Lecture 13
The Normal Distribution

ABD 3e Chapter 10

Chris Merkord

Bell-shaped curves = normal distribution

  • Many numerical variables have bell-shaped frequency distributions.

  • Normal distribution = theoretical probability distribution describing many bell curves

    • Continuous numerical variables

    • Symmetric, unimodal

    • Lower probability further from mean

Example: Birth weights of the 4,017,264 singleton births recorded by birth certificate in the United States in 1991. Whitlock & Schluter 3e

Example: Birth weights of the 4,017,264 singleton births recorded by birth certificate in the United States in 1991. Whitlock & Schluter 3e

The Normal Distribution

The normal distribution

  • The normal distribution is a continuous probability distribution describing a bell shaped curve.

  • Has two parameters to describe it location and spread:

    • Mean (location)

    • Standard deviation (spread)

The normal distribution for a variable Y with mean and variance equal to that in the baby birth weight data.

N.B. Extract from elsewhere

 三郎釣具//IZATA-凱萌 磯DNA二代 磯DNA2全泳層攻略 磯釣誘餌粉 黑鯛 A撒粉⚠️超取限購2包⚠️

The normal distribution for a variable Y with mean and variance equal to that in the baby birth weight data.

The normal distribution approximates frequency distributions in nature

Examples

  • Human body temperature, in degrees Fahrenheit (Shoemaker 1996)

  • University undergraduate brain size (measured in number of megapixels on an MRI scan) (Willerman et al. 2991)

  • The number of bristles on the fourth and fifth segments of the abdomens of fruit flies (Falconer and macKay 1995)

The black lines show normal distributions with the same mean and standard deviation as measured in the data.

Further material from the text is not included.